43 Extract data from scatterplot

Xuan Lian

There was a time in another class in Columbia University, one of the assignments is to perform KNN algorithms. The professor asked us to draw the boundary lines on the given data, which was showed on a scatter plot. However, as no data form is provided, we can not get the details of the data. So instead of solving it quantitatively by coding, we have to draw some ugly thresholds manually.

Then it comes to me that as many of the scatter plots as well as other plots are drawn by ggplot in R, which basically have a standard format. Can we develop a package to extract data from the Image like .png or .jpeg file generated by ggplot package?

So in this assignment, I created an R package, which included several functions, to extract data from standard scatter plot generated by ggplot. I was planned to use some computer vision method to detect the axis as well as the labels on that. However, the workload is much heavier than I thought and I just finished the part of detect label position and the point position. You need to input 4 parameters ymax,ymin,xmin and xmax, together with the plot_file into the function scatter2data to get the data extracted from the scatter plot image.

There are still many problems with this function, firstly it only works with scatter plot but not applicable for other kinds of plot generated by ggplot yet. Secondly the accuracy is not 100%, meaning that it can still make progress on the point detect process.

Here is the command to install the package:

# remotes::install_github("Shawn-Lian/image2data")
library(image2data)

The core function in the package is scatter2data, by calling this function you can extract dataset from a standard scatter plot generated by ggplot.

Here is an example how to use it.

We firstly generated several data points and get the scatter plot using geom_point and save the plot in a .png format.

set.seed(0)
X = rnorm(20)
Y = rnorm(20)
ggplot()+
  geom_point(aes(x=X,y=Y))
ggsave('resources/image2data/test_plot.png',dpi = 100)

There are five parameters used in scatter2data function, first is the address of the plot that you want to extracted data from.
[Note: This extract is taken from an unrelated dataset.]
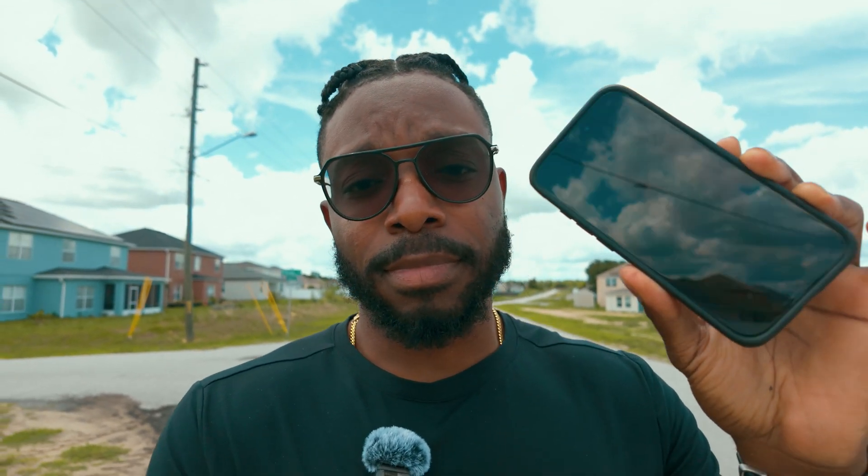Number two, you need gear. Now you might be thinking, gear costs money — you told me this is supposed to be free. Well yeah, but here's the thing: we all have this in our pockets. The iPhone can shoot high quality music videos. Now if you want it to be the best, it's gonna be the iPhone 15 Pro. And I know for a fact that it can shoot high quality professional music videos because I've done it. I'm gonna put some examples on the screen right now of videos that I've done for free with the iPhone 15 Pro.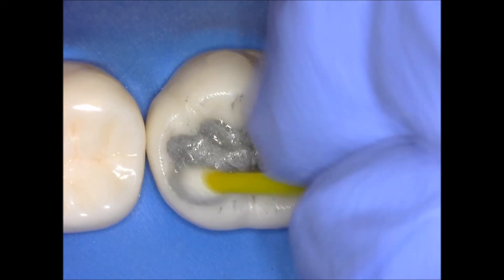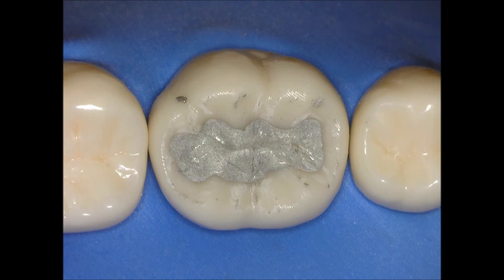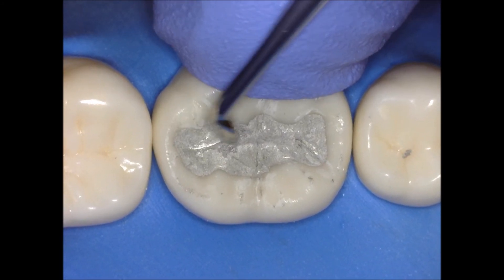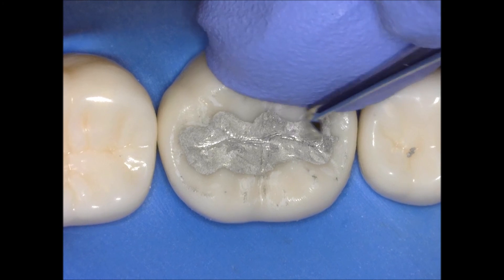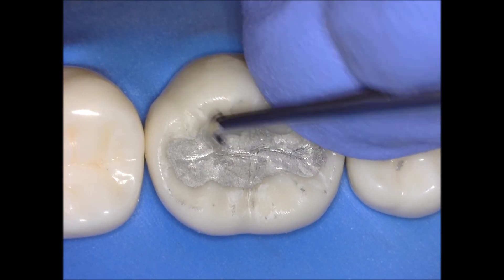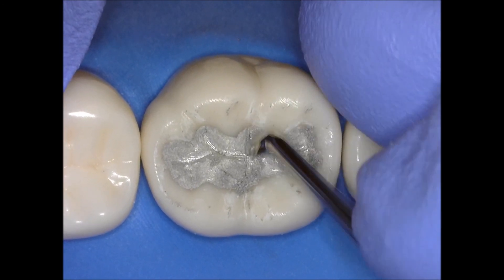I'm cleaning up a little bit more and drying this. Most of the anatomy is already there. If you want, you can go and carve a little bit more just to define the anatomy — this is the moment, because you can see how the amalgam is set now. At this point you can only define the anatomy; you cannot carve much unless you're missing something. But other than that, the anatomy is pretty much done.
Other four parameters are ymax, ymin, xmin, xmax, which is the maximum or minimum value of the y and x axis separately.

In this example, ymax=1, ymin=-1, xmin=-1, xmax=2, and after imputing these parameters we can get the result of the function.

data = image2data:: scatter2data('resources/image2data/test_plot.png',1,-1,-1,2)

To check the result, we plot the extracted data and origin data on the same scatter plot.

ggplot()+
  geom_point(aes(x=X,y=Y,color = 'origin data')) +
  geom_point(aes(y= data[,2],x = data[,1], color = 'extracted data'))